The whole listing below should be printed again exactly, with no images.

(Beginning of Dataset records)

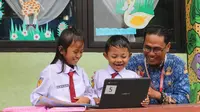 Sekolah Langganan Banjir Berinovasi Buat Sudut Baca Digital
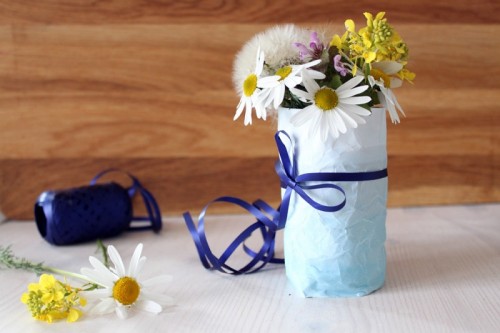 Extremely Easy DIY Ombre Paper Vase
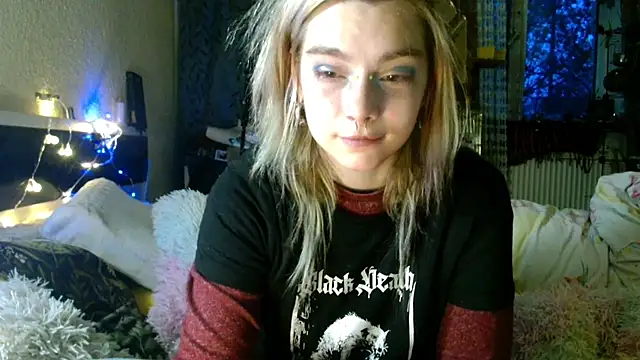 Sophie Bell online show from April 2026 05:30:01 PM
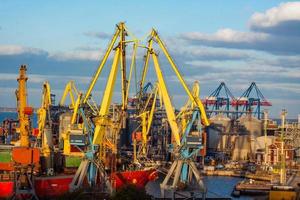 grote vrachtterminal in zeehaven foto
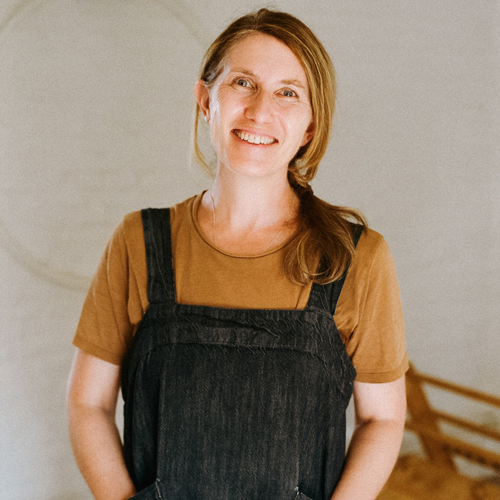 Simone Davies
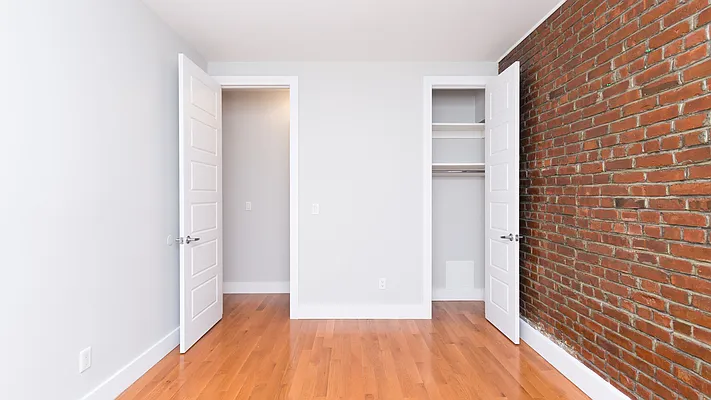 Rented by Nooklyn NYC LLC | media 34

(End of Dataset records)

▶ _Solution to the problem_:
 Sekolah Langganan Banjir Berinovasi Buat Sudut Baca Digital
 Extremely Easy DIY Ombre Paper Vase
 Sophie Bell online show from April 2026 05:30:01 PM
 grote vrachtterminal in zeehaven foto
 Simone Davies
 Rented by Nooklyn NYC LLC | media 34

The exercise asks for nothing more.